5 de septiembre de 2013


 "¿Comprendéis ahora por qué no me gustan las despedidas?
Porque siempre son mucho más cortas de lo que uno desearía."
Laura Gallego García
Dos velas para el diablo


Qué razón tenía Cat. En los últimos años he tenido que despedirme demasiadas veces de demasiada gente, y creo que cada una de esas veces me ha venido a la mente esta frase del libro de Laura, que se me quedó grabada, a pesar del tiempo que ha pasado desde que lo leí. Da igual los abrazos que des, las veces que repitas "cuídate mucho... no nos olvides... aprovecha cada momento" siempre parecen quedar mil palabras por decir, siempre se hace demasiado corto. Y piensas... "¿ya? Se me ha pasado la oportunidad, ¿por qué cuando pude no le dije lo mucho que lo quería? ¿Por qué no le repetí hasta el cansancio que sentiría un enorme vacío cuando se fuera?

  Todos nos despedimos, de un modo u otro. Nos despedimos del colegio y los amigos de clase cuando pasamos curso, nos despedimos de la infancia sin saberlo y corriendo por hacernos mayores. Decimos adiós a nuestros abuelos demasiado pronto, desgraciadamente, y aprendemos más de lo necesario, siendo aún muy pequeños e inocentes, de la peor de las despedidas. 
  Nos despedimos de la universidad y nos lanzamos a la vida. Nos despedimos de nuestros padres y del hogar en el que en el que hemos crecido cuando nos vamos de casa. Le decimos adiós a nuestra pareja cada mañana, quizá con un tímido beso, cuando vamos al trabajo, sin apenas darnos cuenta de lo importante que es ese momento. Muy de vez en cuando, sin saberlo, nos despedimos del amor de nuestra vida, pero no lo comprendemos hasta más tarde. Hay tantas despedidas como días y personas. 
  Y por eso es que nos vamos de la vida entre despedidas, ya que es algo que conocemos bien. No en vano, es lo primero que el ser humano aprende al nacer: despedirse del lugar que fue su casa durante 9 meses.

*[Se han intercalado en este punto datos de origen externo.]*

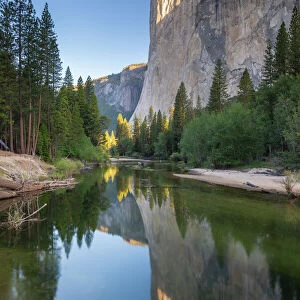 El Capitan reflected in the River Merced at dawn, Yosemite Natiional Park, UNESCO World Heritage Site, California, United States of America, North America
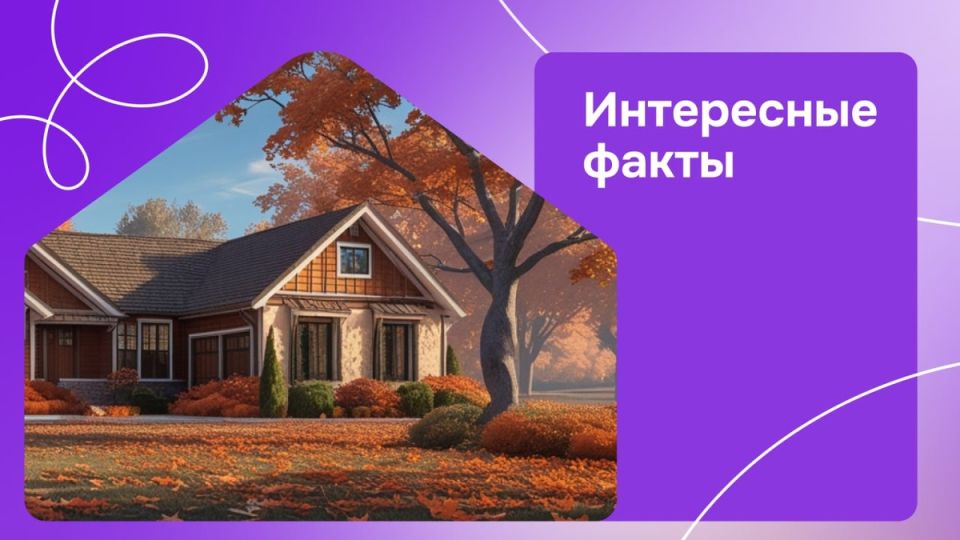   :       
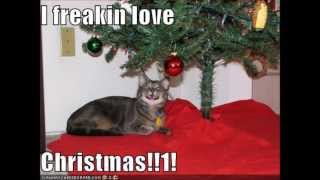 Bob Rivers- Wreck The Malls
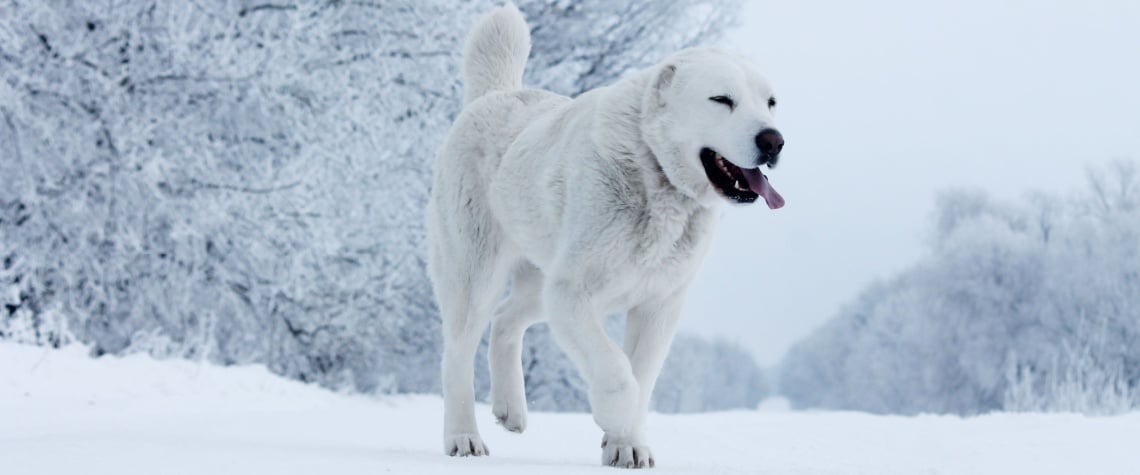 Berger d'Asie centrale blanc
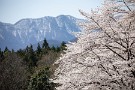 07 山には先週の雪がまだ残っています。Canon EOS 5D Mark IV　SIGMA 150-600mm F5-6.3 DG OS HSM Contemporary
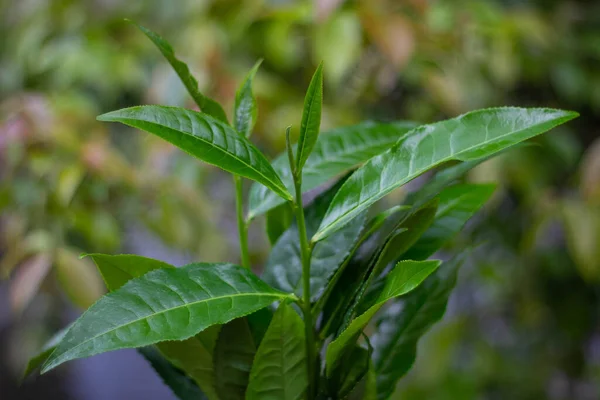 Green tea leaves in garden,Tea plantations, asia Green tea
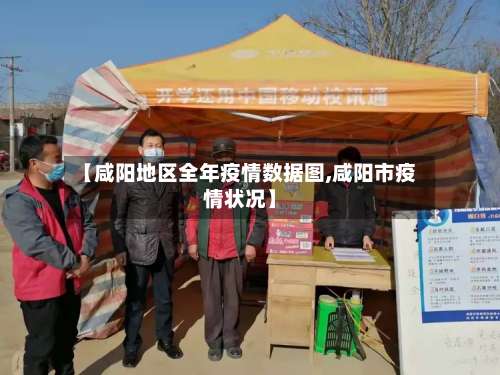 【咸阳地区全年疫情数据图,咸阳市疫情状况】-第3张图片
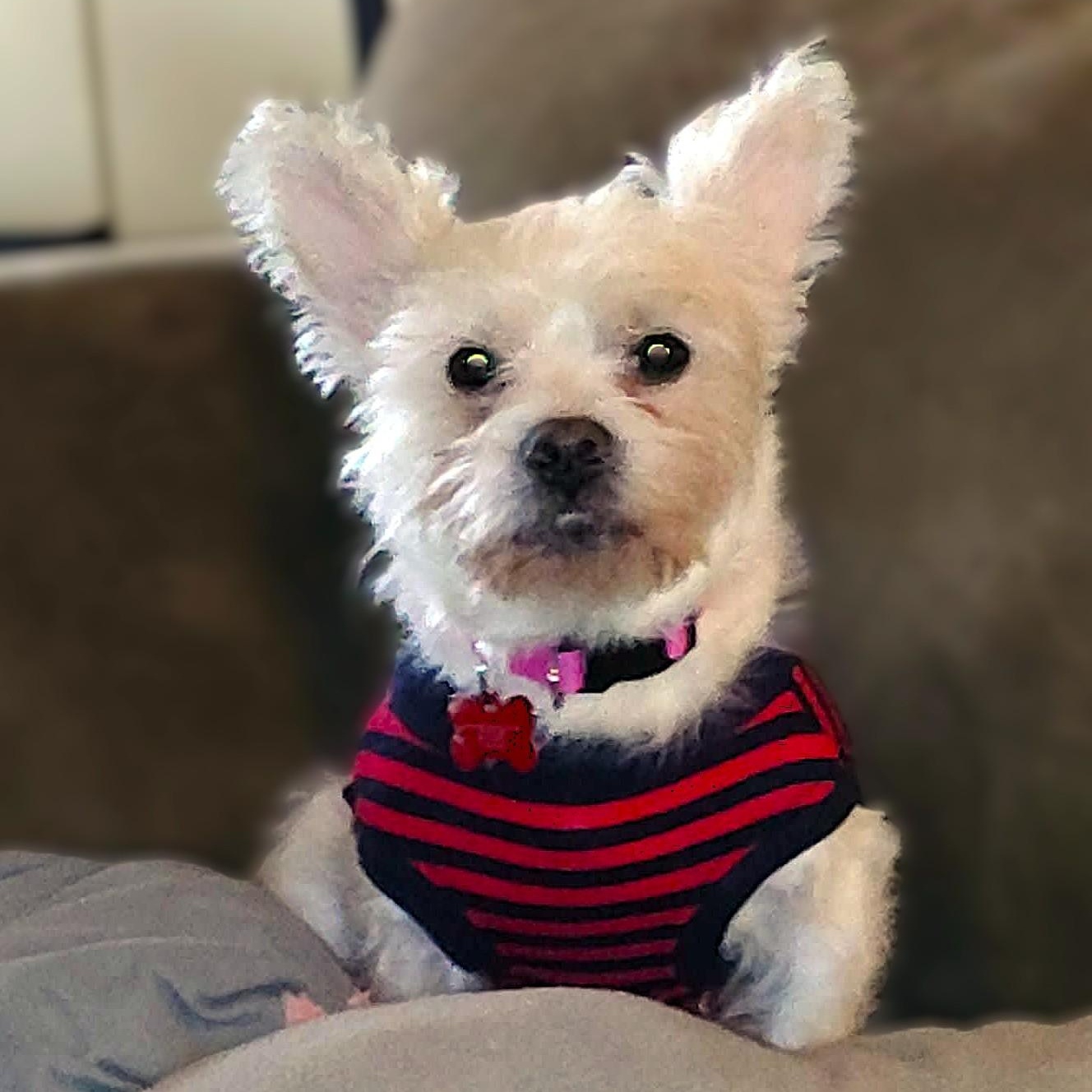 TEDDY, an adopted mixed breed in Burton, MI image 1/5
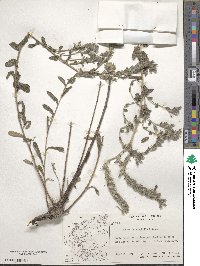 Image of Onosma heterophylla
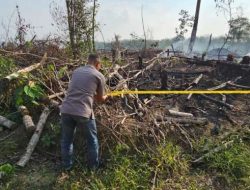 Terduga Pelaku Pembakaran Lahan di Dusun Babeko di Tangkap Polisi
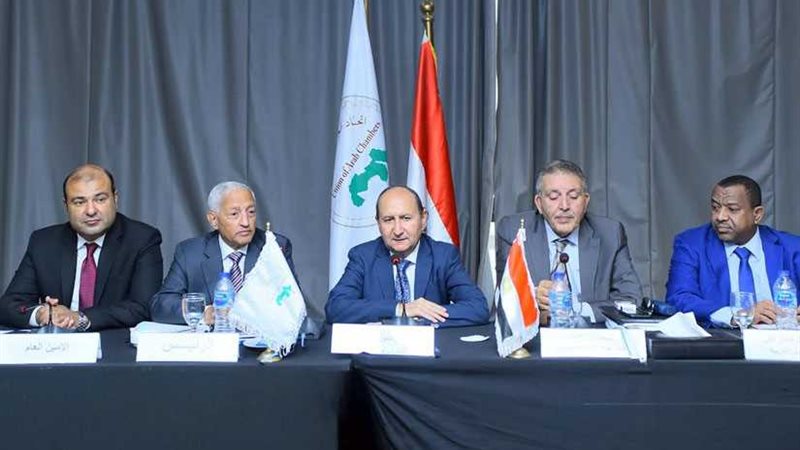 عمرو نصار: تحقيق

 Antes de respirar con nuestros propios pulmones, antes de ver el mundo, antes incluso de llorar, aprendemos a decir adiós.

  Nacemos despidiéndonos. O quizá pudiera decirse de otro modo: nos despedimos naciendo. Porque cada despedida es un nuevo renacer: cada latido de corazón que se va para siempre, da lugar a un nuevo latido que nos mantiene vivos. Es esa incesante despedida la que nos da la vida. 
 No hay nada peor ni que duela más que decir adiós. Pero si no lo hiciéramos, no podríamos saludar y recibir a lo que sea que nos depare el futuro. Así que por mucho que cueste, por muchas lágrimas que haya que derramar, bienvenido seas, dolor. Eres la prueba de que estoy viva. 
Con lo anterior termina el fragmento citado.